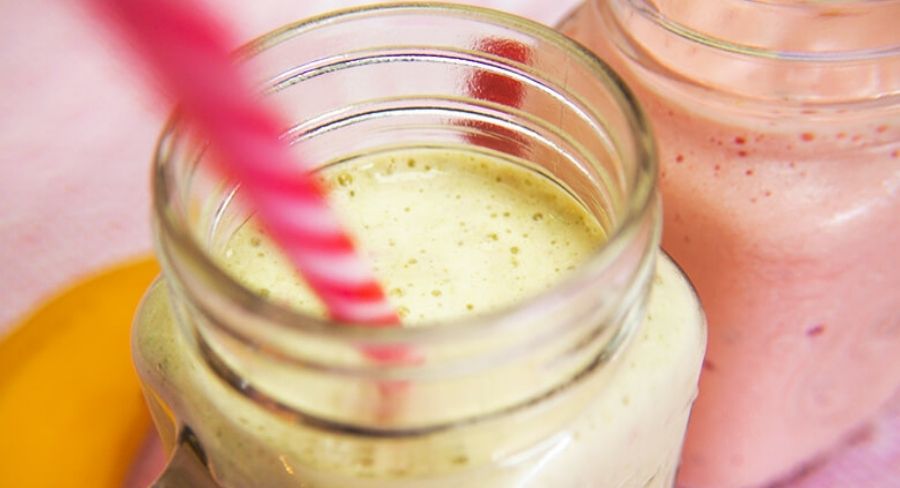 Batidos de fruta para un desayuno rápido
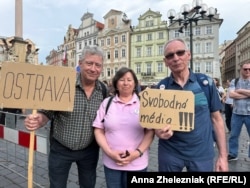 Їржі (зліва) з дружиною Геленою під час акції «Руки геть від медіа» у Празі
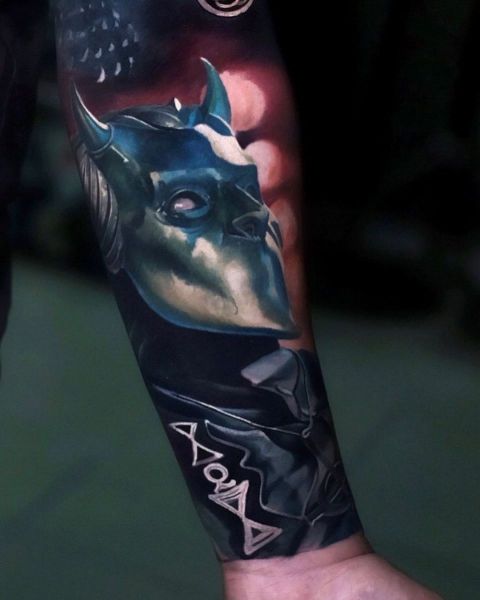 nikolai-2brothers-ink-tattoostudio-dinkelsbuehl-maske-figur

Task instructions: Reproduce the material above in full, exactly, with no images.

Answer for the task:
 Batidos de fruta para un desayuno rápido
 Їржі (зліва) з дружиною Геленою під час акції «Руки геть від медіа» у Празі
 nikolai-2brothers-ink-tattoostudio-dinkelsbuehl-maske-figur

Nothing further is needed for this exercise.